= Kenny Dino =

American singer (1939–2009)

Kenneth J. Diono, known professionally as Kenny Dino (July 12, 1939 - December 10, 2009) was an American singer born in Astoria, Queens, New York, United States.

Dino's family moved to Hicksville, Long Island in 1955, where he worked on a family farm. He joined the Navy in 1957, and while stationed in Iceland he came in runner-up in a talent show with his version of a song by Elvis Presley. He sang regularly on his tour of duty, and then put together an ensemble back in the States, which toured in Texas and Louisiana. He frequently played with Doug Sahm at the San Antonio Blues Club at this time.

He signed with Dot Records around 1960 after moving to New York City, but quickly lost the contract, and signed to Columbia not long after. Dino was offered a chance to duet with Paul Simon but turned it down, and later was offered the song "Suspicion" (an Elvis Presley song, which later became a big hit for Terry Stafford) but was denied the opportunity by his label. He recorded a number of demos for Elvis, including the song "Good Luck Charm".

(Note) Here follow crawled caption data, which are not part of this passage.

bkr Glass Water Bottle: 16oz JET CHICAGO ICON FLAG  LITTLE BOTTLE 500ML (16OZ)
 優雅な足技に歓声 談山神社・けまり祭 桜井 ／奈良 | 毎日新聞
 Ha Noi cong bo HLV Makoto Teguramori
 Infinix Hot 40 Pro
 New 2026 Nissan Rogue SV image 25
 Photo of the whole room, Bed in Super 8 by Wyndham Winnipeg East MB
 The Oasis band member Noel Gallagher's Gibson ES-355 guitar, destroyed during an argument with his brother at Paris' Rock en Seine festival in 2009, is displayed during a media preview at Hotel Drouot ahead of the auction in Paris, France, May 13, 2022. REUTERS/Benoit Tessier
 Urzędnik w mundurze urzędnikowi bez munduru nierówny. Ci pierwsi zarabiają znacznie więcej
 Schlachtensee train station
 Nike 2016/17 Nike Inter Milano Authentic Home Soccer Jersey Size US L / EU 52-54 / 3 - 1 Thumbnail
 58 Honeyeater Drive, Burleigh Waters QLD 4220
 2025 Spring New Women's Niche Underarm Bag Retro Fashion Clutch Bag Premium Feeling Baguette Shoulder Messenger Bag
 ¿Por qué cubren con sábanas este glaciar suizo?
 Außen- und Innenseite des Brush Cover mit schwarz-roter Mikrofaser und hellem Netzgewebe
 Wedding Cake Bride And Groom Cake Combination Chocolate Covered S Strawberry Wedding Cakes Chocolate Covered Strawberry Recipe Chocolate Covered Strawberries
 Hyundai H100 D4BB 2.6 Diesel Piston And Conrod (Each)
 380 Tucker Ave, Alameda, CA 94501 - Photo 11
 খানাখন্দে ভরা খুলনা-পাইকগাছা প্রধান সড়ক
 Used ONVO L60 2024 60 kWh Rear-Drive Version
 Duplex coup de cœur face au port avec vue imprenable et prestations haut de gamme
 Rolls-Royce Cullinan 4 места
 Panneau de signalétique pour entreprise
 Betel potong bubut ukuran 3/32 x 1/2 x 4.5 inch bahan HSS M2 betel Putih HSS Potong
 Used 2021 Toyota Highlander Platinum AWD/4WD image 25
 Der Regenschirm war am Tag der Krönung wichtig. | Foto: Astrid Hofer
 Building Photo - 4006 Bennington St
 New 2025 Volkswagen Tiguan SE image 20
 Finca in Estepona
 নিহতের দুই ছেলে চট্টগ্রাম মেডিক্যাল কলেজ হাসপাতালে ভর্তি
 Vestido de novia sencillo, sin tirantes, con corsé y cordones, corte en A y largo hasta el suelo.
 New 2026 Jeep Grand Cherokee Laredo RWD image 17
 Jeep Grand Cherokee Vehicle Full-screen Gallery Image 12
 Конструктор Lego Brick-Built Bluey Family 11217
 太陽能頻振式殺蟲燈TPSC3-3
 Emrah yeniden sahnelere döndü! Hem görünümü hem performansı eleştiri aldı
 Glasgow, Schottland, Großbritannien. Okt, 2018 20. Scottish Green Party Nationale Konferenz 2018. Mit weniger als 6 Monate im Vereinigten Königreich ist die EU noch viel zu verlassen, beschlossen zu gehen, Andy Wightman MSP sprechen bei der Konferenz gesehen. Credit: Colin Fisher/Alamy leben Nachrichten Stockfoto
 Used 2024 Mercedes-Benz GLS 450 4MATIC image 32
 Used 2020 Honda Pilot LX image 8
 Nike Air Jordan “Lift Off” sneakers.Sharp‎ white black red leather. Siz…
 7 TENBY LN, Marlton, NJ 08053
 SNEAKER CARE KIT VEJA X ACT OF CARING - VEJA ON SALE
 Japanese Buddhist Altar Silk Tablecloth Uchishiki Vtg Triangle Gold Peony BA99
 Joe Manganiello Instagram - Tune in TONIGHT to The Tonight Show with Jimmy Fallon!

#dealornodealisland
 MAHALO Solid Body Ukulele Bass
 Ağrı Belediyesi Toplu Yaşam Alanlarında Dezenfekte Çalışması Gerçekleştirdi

His lone hit was "Your Ma Said You Cried in Your Sleep Last Night", a No. 24 U.S. Pop hit in 1961. The three back-up singers were Lois Green, Leslie Smith and Alan Eichler, who were all students at Syosset High School at the time. When all further releases yielded no commercial gain, Dino switched to acting and appeared in the film, Valley of the Dolls. Robert Plant later covered this tune on his 1990 release, Manic Nirvana.

==Death==
On December 9, 2009, Kenny Dino had finished his second music gig of the day and was driving from Melbourne, Florida on Interstate 95 to his home in Cocoa, Florida. He pulled over to the side of the road where construction workers found him unconscious. They called the Florida Highway Patrol and paramedics, but Dino died from a heart attack in the early hours of December 10, 2009.